And we made this optional because sometimes it’s medically contraindicated to give the hydration. We prompted the end user to order the femoral block and we prompted if the patient had a cardiology problem on their diagnosis list, we prompted them to consult cardiology. Problem solved. All these delays were largely solved. And this was the Jive that occurred here was that there was a gap in understanding of what the system could do and how we operated, we bridged that gap and we were able to explain and solve that problem. So another gap that often occurs is semantics. And I think this is near and dear to Charlie’s heart, so, so for those of you don’t know, in our EMRs we often have problems with these enormous problems, so enormous that they’re completely unintelligible and completely useless. I think the largest one that I ever saw was 80 problems and you can’t make heads or tails in it.

So in EPIC there’s a way to actually organize these and clump them together so you can just at a glance understand the patient has a cardiovascular problem, a neurologic problem, gastrointestinal problem, and a urologic problem. So this requires a grouping, a value set to be implemented so that these diagnoses could be brewed properly. What we didn’t understand initially was that as we implemented this, some of these things, even though technically speaking the definitions are correct semantically, they did not match up with what people thought of them as so clinically. And one of the examples was hemorrhoids. So we started getting complaints, Hey, why are hemorrhoids showing up as a cardiovascular?

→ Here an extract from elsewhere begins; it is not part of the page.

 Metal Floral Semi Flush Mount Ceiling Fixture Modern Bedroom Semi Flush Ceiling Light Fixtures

But if you think about it, and it was based on the SNOMED ontology, hemorrhoids are a perianal vascular congestion or venous congestion. It’s a venous problem that feeds up into being a vascular problem that feeds up into being a cardiovascular problem. So what did we do? We took that and we actually injected the actual true semantics into this infrastructure. And then we were used some Boolean logic then to then manifest hemorrhoids as the thing that everybody understands it. It’s a gastrointestinal problem. You don’t go to a cardiologist to solve your hemorrhoids, you go to a gastroenterologist. So again, so a gap in knowledge, the technical specifications don’t necessarily match up with the real world understanding what a term actually is.

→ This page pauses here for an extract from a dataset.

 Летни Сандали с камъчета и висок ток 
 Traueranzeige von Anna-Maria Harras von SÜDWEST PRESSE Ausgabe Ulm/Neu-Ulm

So this is a big thing and definitions. So for those of you who don’t know, there’s this big national push to try to improve sepsis outcomes. And part of that, the metrics associated with that are attached to when did we recognize that the patient was septic? And there are some fairly well-defined definitions of that. And that depends on cs, which is a constellation of vital signs. That’s actually pretty easy because most of that is pretty discrete. But then you have two others, recognition of infection and recognition of end organ damage. Those are really, really fuzzy. So how do you actually define that? And what ends up happening is that there’s a ton of human interpretation, manual abstraction. And so you get a lot of variable results and as a result you get a lot of difficulty in actually implementing these solutions at scale and actually measuring what works and what doesn’t work.

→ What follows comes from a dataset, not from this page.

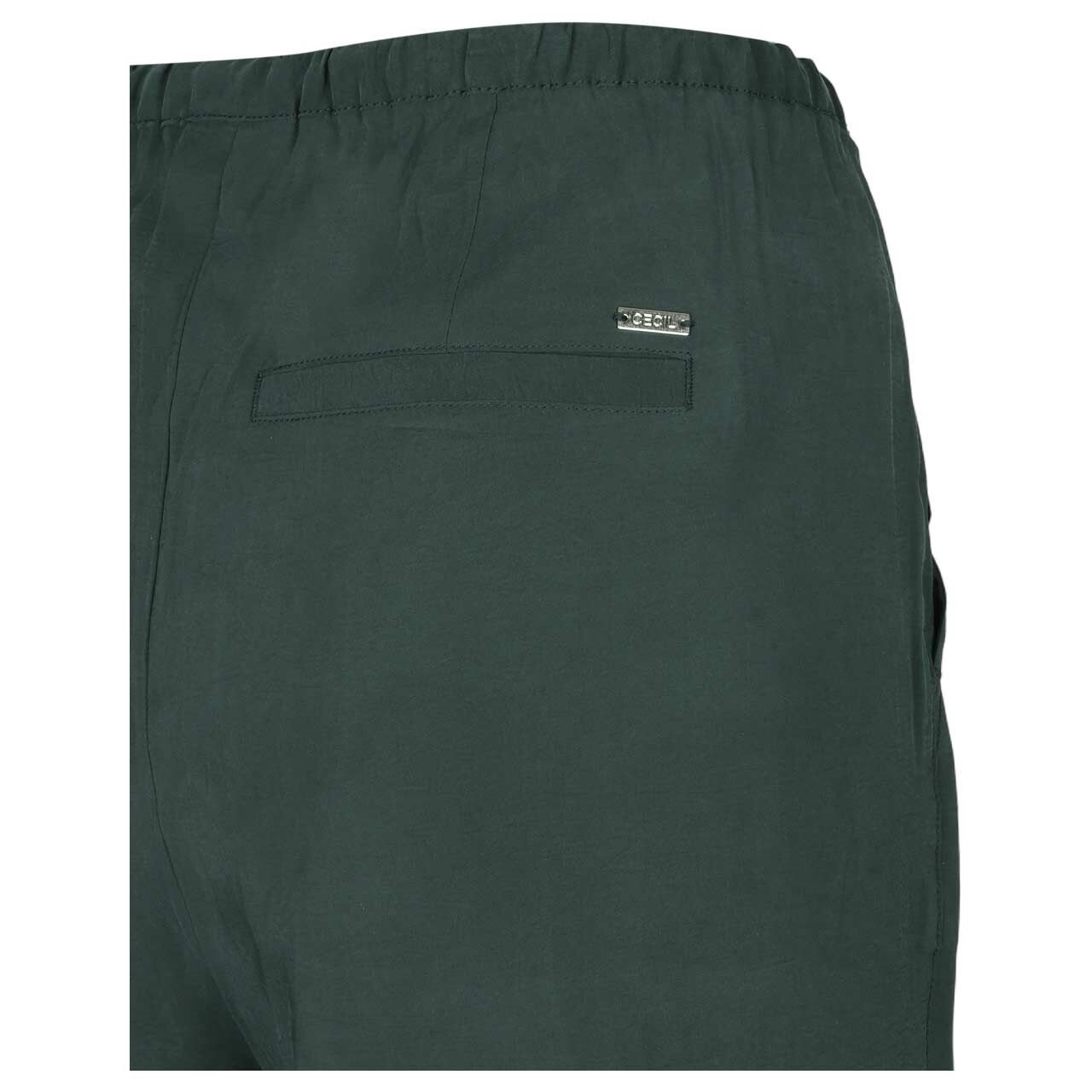 Damen Hose Neele Straight von Cecil in Dunkelgrün, detaillierte Rückansicht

So we’ve been stagnating a lot on the substance and this issue, this issue of definition, something that is conceptually understandable, but translating that into something that’s discreet, definable and scalable is huge. So the issue would be similar to saying, okay, you’re going to run a hundred yard dash stand somewhere over there and then whoever gets to this finish line wins. So you can see where the problems would occur with that. So this particular issue is one of the most vexing problems that I think that we have in healthcare. It is, and it reminds me of the Supreme Court case. GI versus Ohio in the 1960s was a owner of a theater, I think in Cleveland. And he imported gasp this racy French movie back in the 1960s. And someone said that it was obscene and so he was actually prosecuted and he was facing jail time because he showed an obscene movie.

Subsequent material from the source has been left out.